- What to produce: Omit each picture as you copy the entries exactly.

(Pictures with short captions)
════════════════

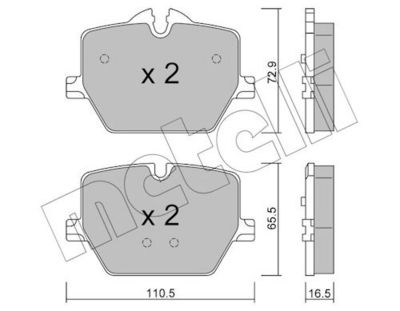 комплект спирачно феродо, дискови спирачки METELLI 22-1266-0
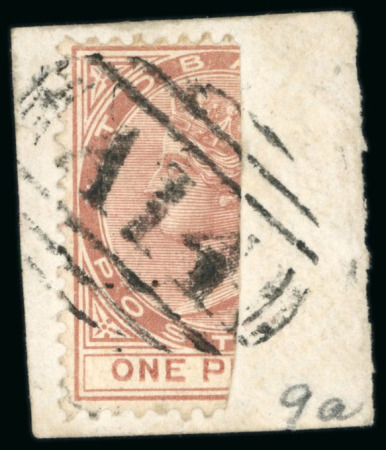 Stamp of Trinidad and Tobago » Tobago 1880 1d venetian red, used, bisect tied on small fragment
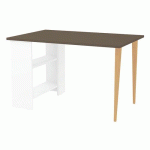 BUREAU ARNO PIED MIXTE 120X80 CM BRUN/BLANC/HÊTRE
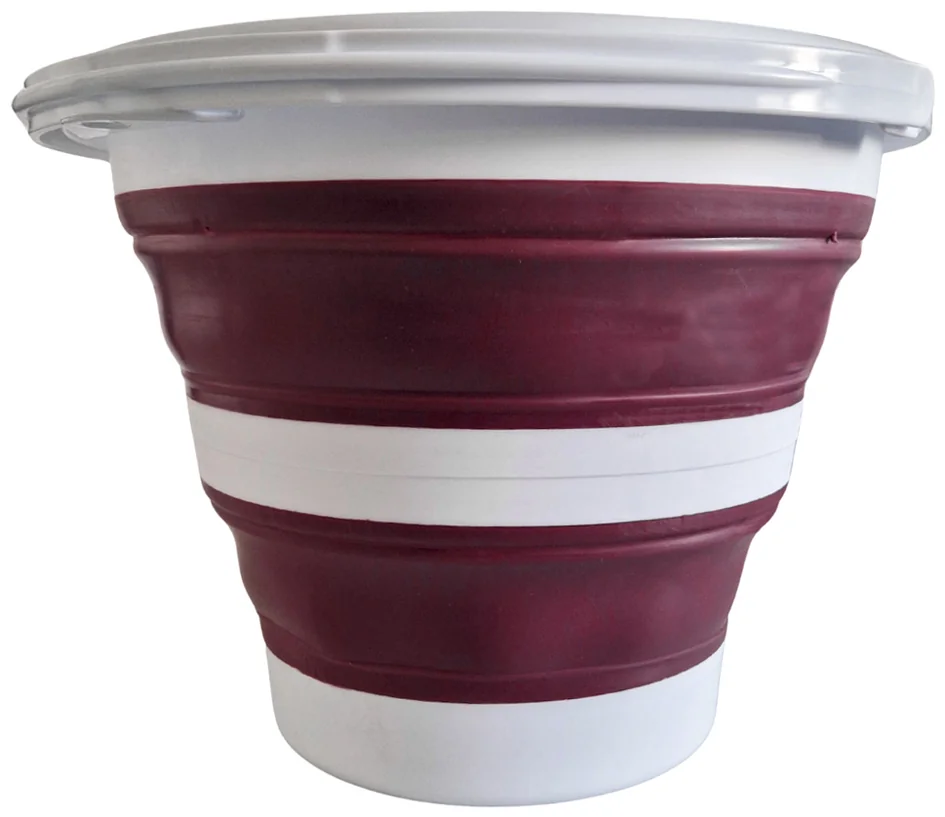 Linden Berg Seau, pliable, rond, 10 litres, bordeaux/blanc - OEM 1067 – Image 2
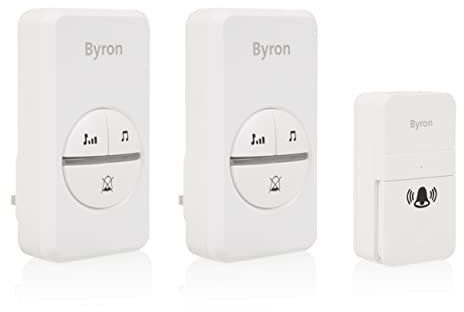 Byron DBY-23445BS Wireless Doorbell Set - 2 Plugs - Kinetic Energy - White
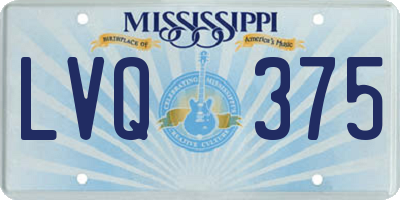 MS license plate LVQ375
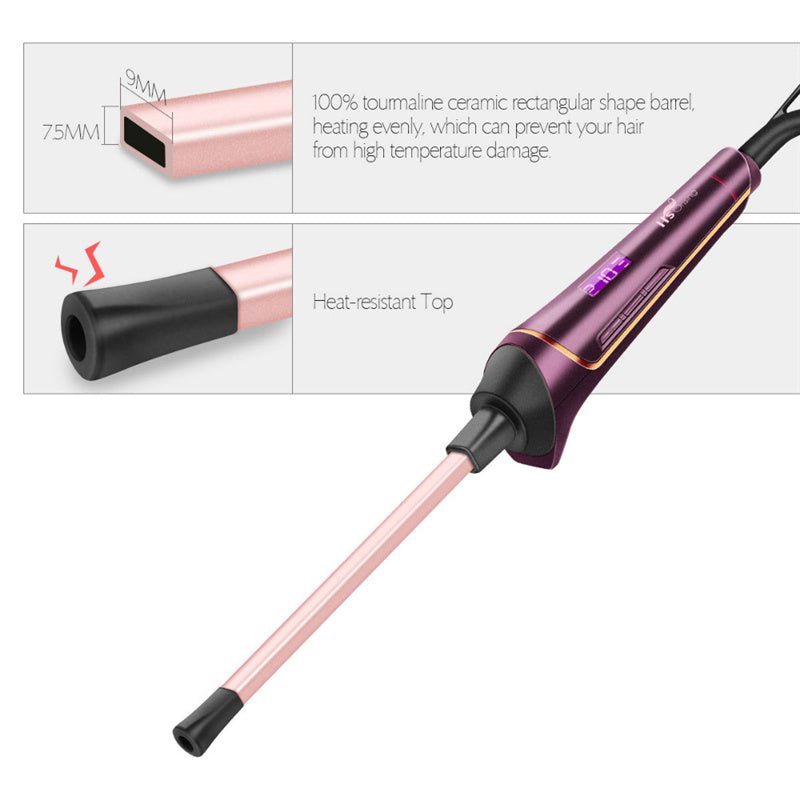 9MM LCD Display Hair Curler Wand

════════════════

- Task answer:
 комплект спирачно феродо, дискови спирачки METELLI 22-1266-0
 Stamp of Trinidad and Tobago » Tobago 1880 1d venetian red, used, bisect tied on small fragment
 BUREAU ARNO PIED MIXTE 120X80 CM BRUN/BLANC/HÊTRE
 Linden Berg Seau, pliable, rond, 10 litres, bordeaux/blanc - OEM 1067 – Image 2
 Byron DBY-23445BS Wireless Doorbell Set - 2 Plugs - Kinetic Energy - White
 MS license plate LVQ375
 9MM LCD Display Hair Curler Wand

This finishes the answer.